──────── Data for review ────────

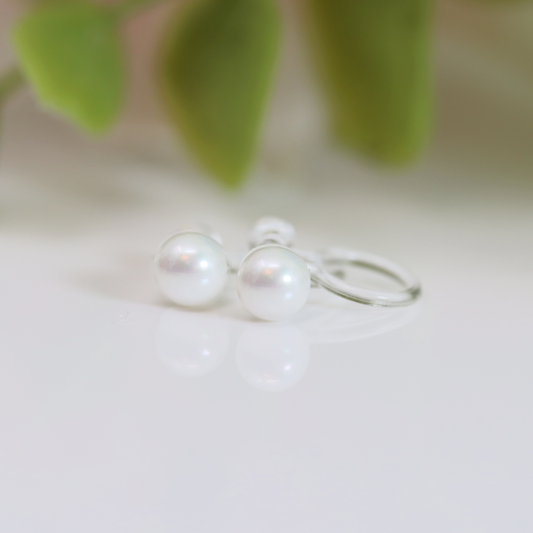 A pair of invisible clip-on pearl earrings displayed on a white surface with a green leaf in the background.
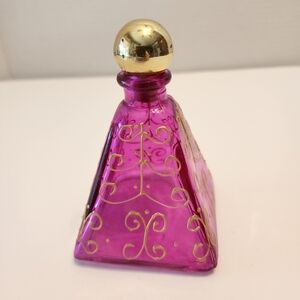 Pink Pyramid Shaped Glass Bottle With Gold Round Cork Stopper Swirls Are Raised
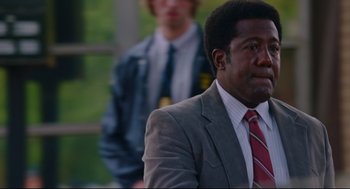 Movie still from “American Made” (2017), directed by Doug Liman – A man in a suit and tie sitting in front of another man in a suit; Close Up shot, Over the shoulder angle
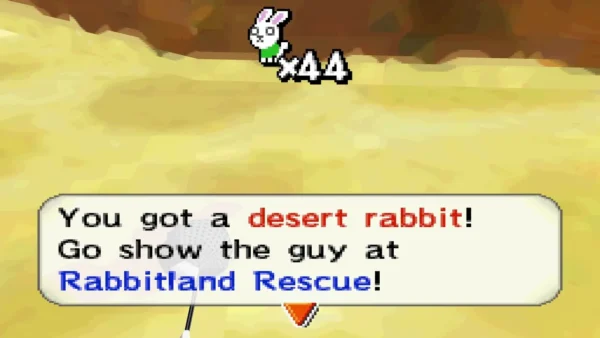 You got a desert rabbit! message on an open sand floor under orange rock You got a desert rabbit! message on an open sand floor under orange rock
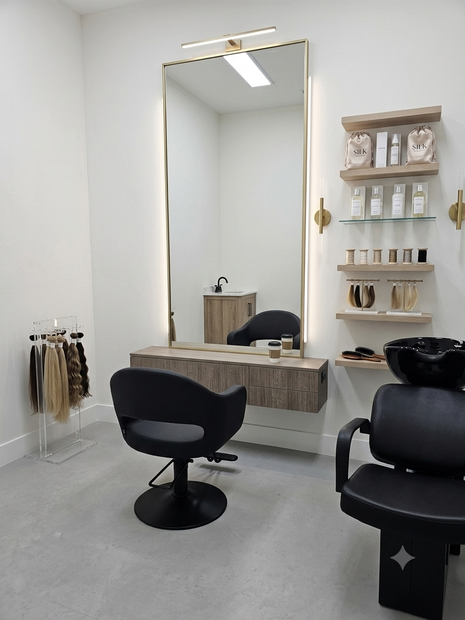 Modern salon interior with two black chairs, wall mirror, shelves, and hair products above a gray floor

────────

** Aim of the task **
Please repeat everything in the data above except the pictures, exactly as it reads.

** Result **
 A pair of invisible clip-on pearl earrings displayed on a white surface with a green leaf in the background.
 Pink Pyramid Shaped Glass Bottle With Gold Round Cork Stopper Swirls Are Raised
 Movie still from “American Made” (2017), directed by Doug Liman – A man in a suit and tie sitting in front of another man in a suit; Close Up shot, Over the shoulder angle
 You got a desert rabbit! message on an open sand floor under orange rock You got a desert rabbit! message on an open sand floor under orange rock
 Modern salon interior with two black chairs, wall mirror, shelves, and hair products above a gray floor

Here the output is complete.